Aquinas on God’s Joy
Again. Joy and delight are a kind of repose of the will in the object of its willing. Now God is supremely at rest in Himself, Who is the principal object of His will, as finding all sufficiency in Himself. Therefore by His will He rejoices and delights supremely in Himself. Saint Thomas Aquinas, Fathers of the English Dominican Province, Summa Contra Gentiles, vol. 1 (Bellingham, WA: Logos Bible Software, 2010), 190.
Aquinas on God’s Love
For it belongs properly to the nature of love that the lover wills the good of the beloved. Now God wills His own and others’ good, as stated above. Accordingly then God loves both Himself and other things.
Again. True love requires one to will another’s good as one’s own. For a thing whose good one wills merely as conducive to another’s good, is loved accidentally: thus he who wills wine to be preserved that he may drink it, or who loves a man that he may be useful or pleasing to him, loves the wine or the man accidentally, but himself properly speaking. Now God loves each thing’s good as its own, since He wills each thing to be in as much as it is good in itself: although He directs one to the profit of another. God therefore truly loves both Himself and other things.

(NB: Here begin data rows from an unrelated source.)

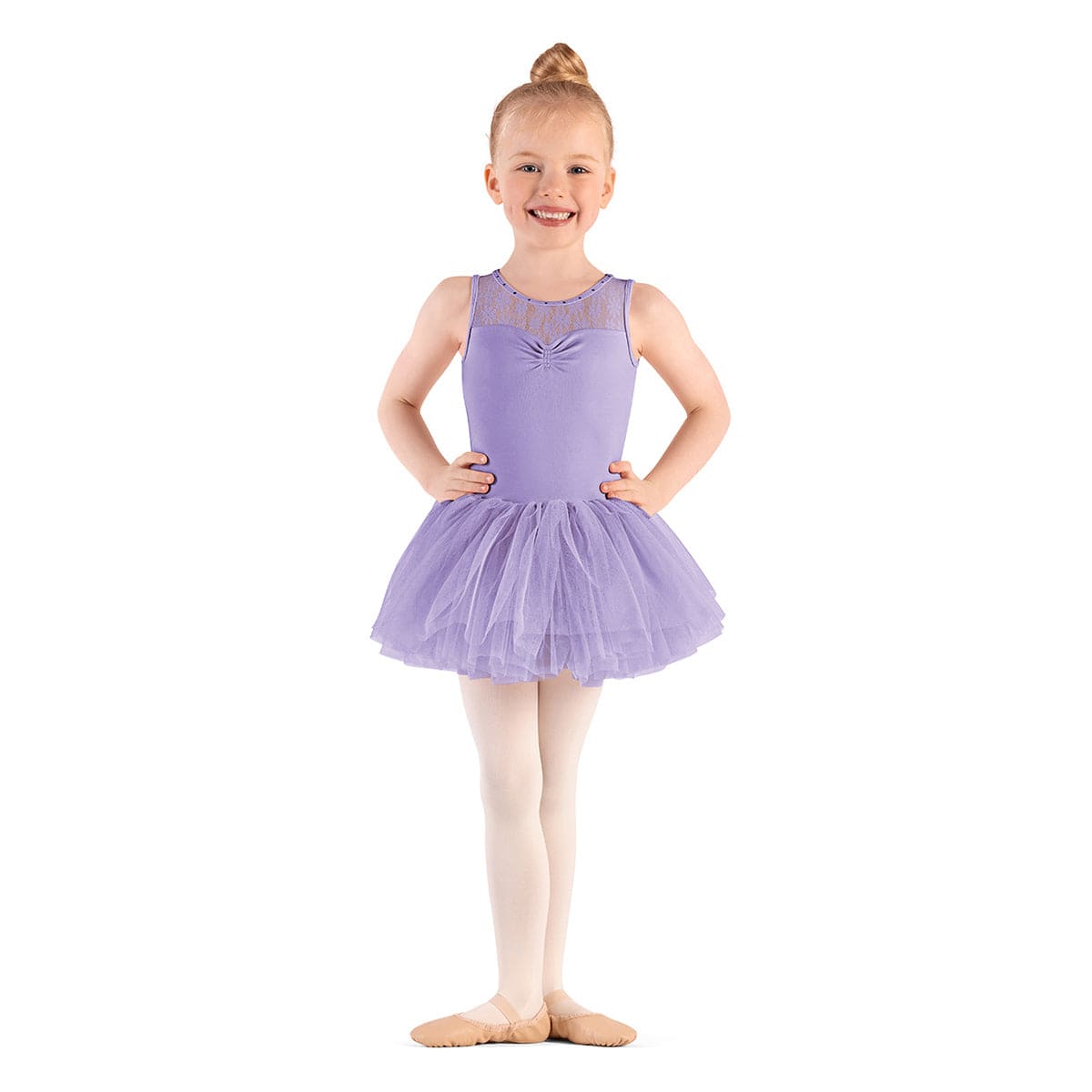 Mirella Girls Majesty Tank Tutu Dress Child 2-4 Lilac - DanceSupplies.com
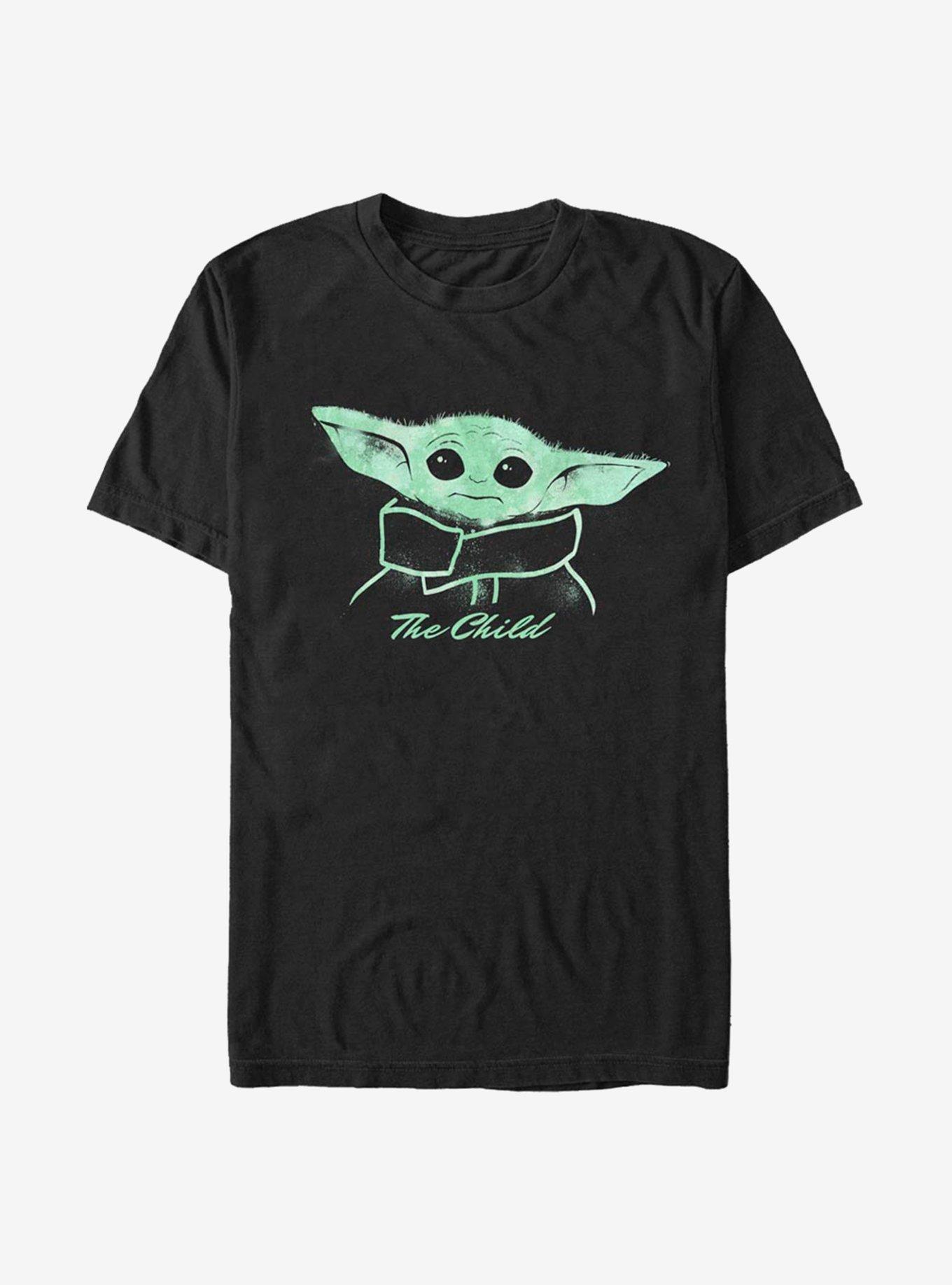 Star Wars The Mandalorian The Child Painted Child T-Shirt, BLACK, hi-res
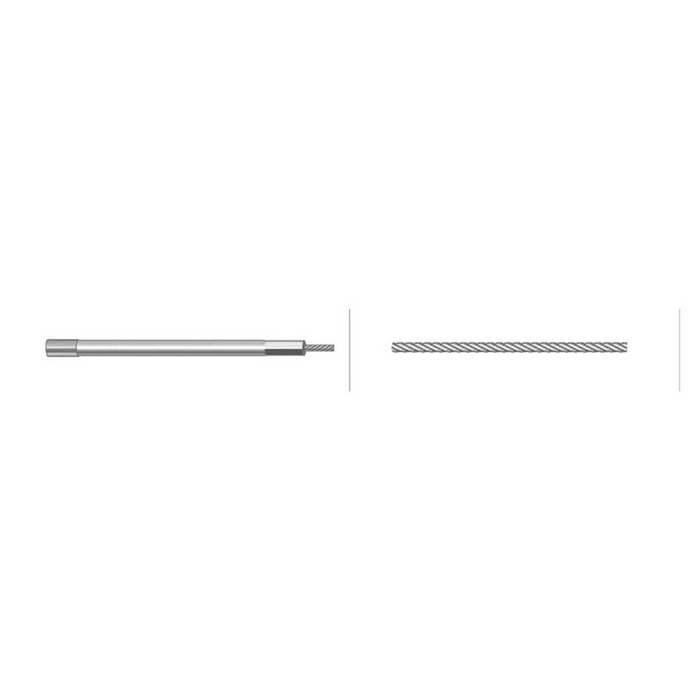 Kabel for motorstopp - Lengde: 960mm, Kabellengde ytre: 830mm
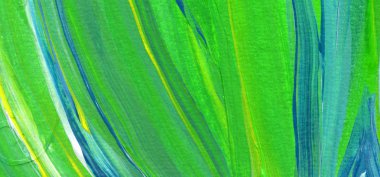 Yaratıcı mavi el boyası arkaplan, duvar kağıdı, doku, fırça darbeleriyle tuval üzerinde akrilik resmin yakın plan parçası.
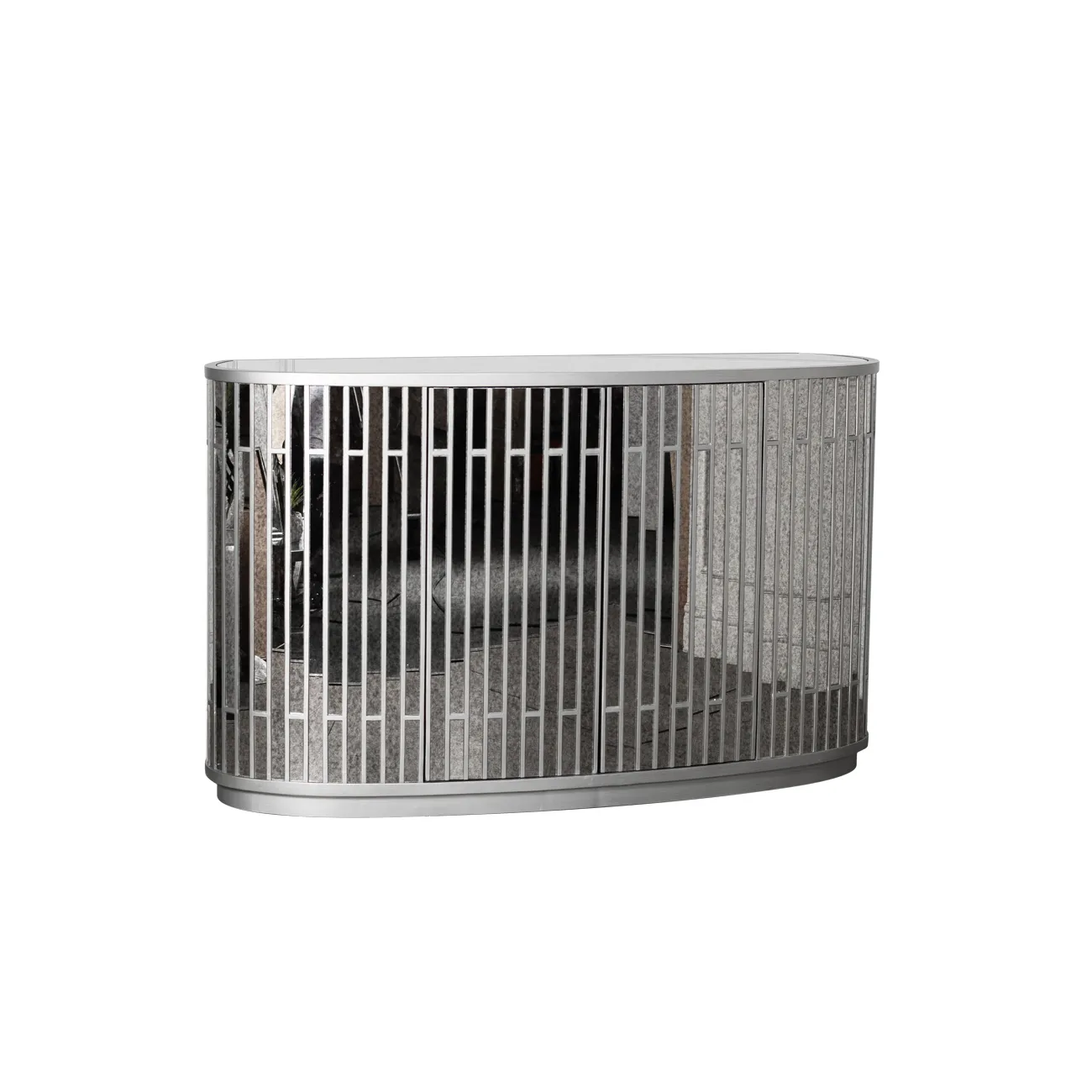 КОМОД ЗЕРКАЛЬНЫЙ ДВУХДВЕРНЫЙ от LaLume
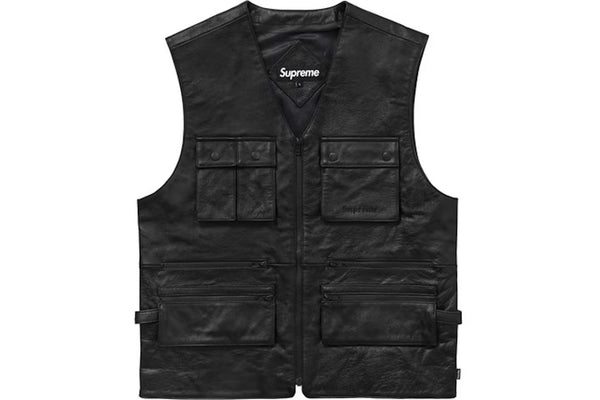 Supreme Leather Utility Vest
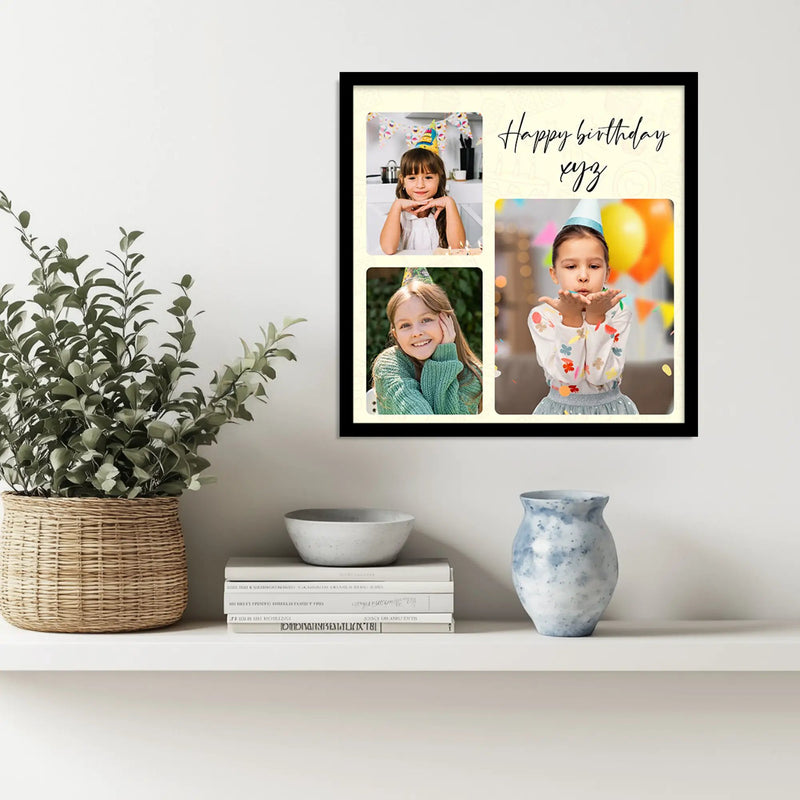 Customized Gifts for Men & Women – Personalized Photo Frame for Husband Birthday Special, Wife Anniversary Gift, Sister Birthday Gift, Unique Customized Photo Gift, Useful Gift Ideas for Couples, Parents, Family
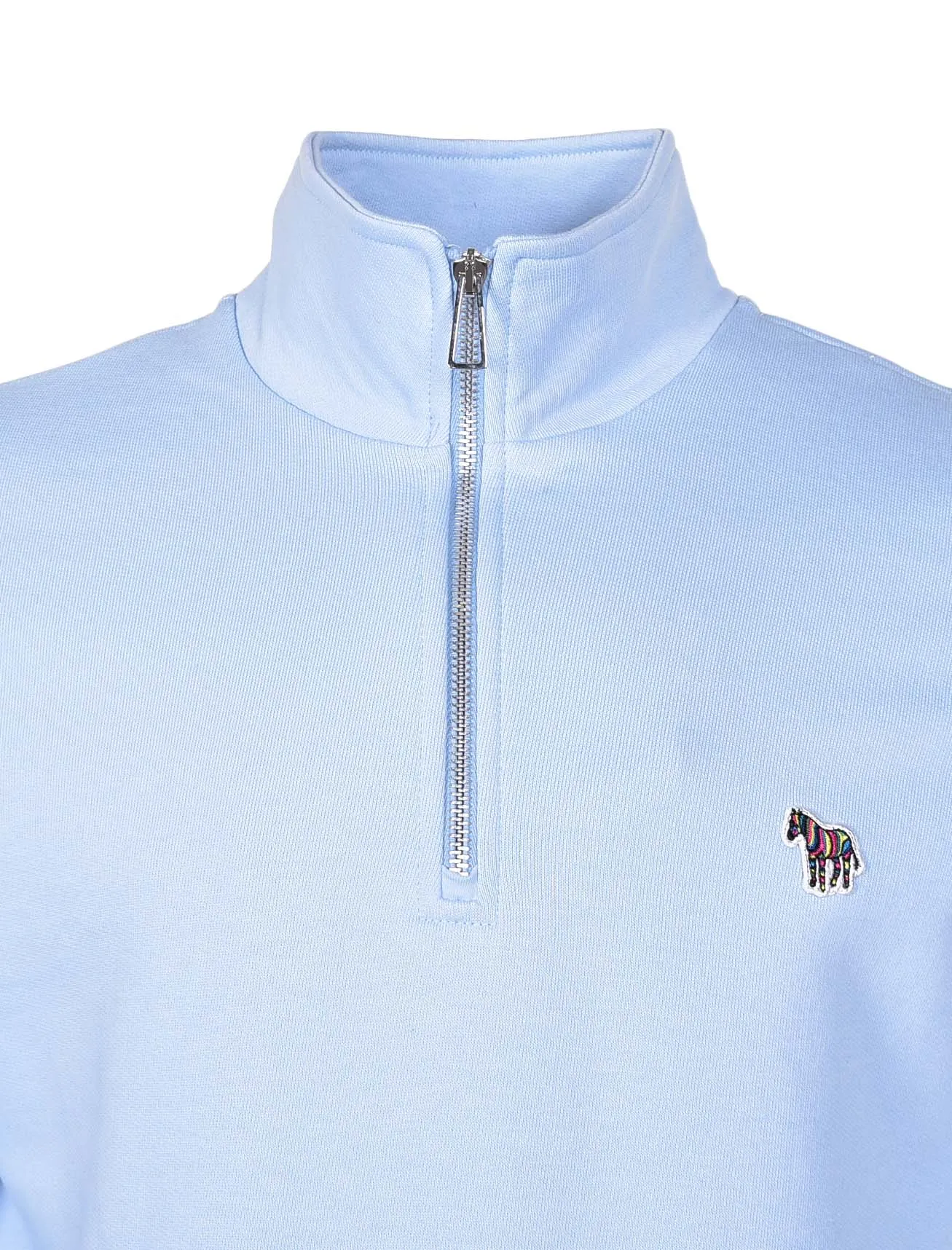 Zebra Half Zip Sweatshirt 41e Sky Blue sold by RAGAZZI product image thumbnail 3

Moreover. Since everything naturally wills or desires its own good in its own way, if the nature of love is that the lover will or desire the good of the beloved, it follows that the lover is referred to the beloved as to a thing that is in a way one with him. Wherefore it appears that the proper notion of love consists in the affection of one tending to another as one with himself in some way: for which reason Dionysius describes love as a unitive force. Hence the greater the thing that makes the lover one with the beloved, the more intense is the love: for we love those more who are united to us by the origin of birth, or by frequent companionship, than those who are merely united to us by the bond of human nature. Again, the more the cause of union is deeply seated in the lover, the stronger the love: wherefore sometimes a love that is caused by a passion becomes more intense than a love arising from natural origin or from some habit, although it is more liable to be transitory. Now the cause of all things being united to God, namely His goodness, which all things reflect, is exceeding great and deeply seated in God, since Himself is His own goodness.2 Wherefore in God not only is there true love, but also most perfect and most abiding love. Saint Thomas Aquinas, Fathers of the English Dominican Province, Summa Contra Gentiles, vol. 1 (Bellingham, WA: Logos Bible Software, 2010), 191–192.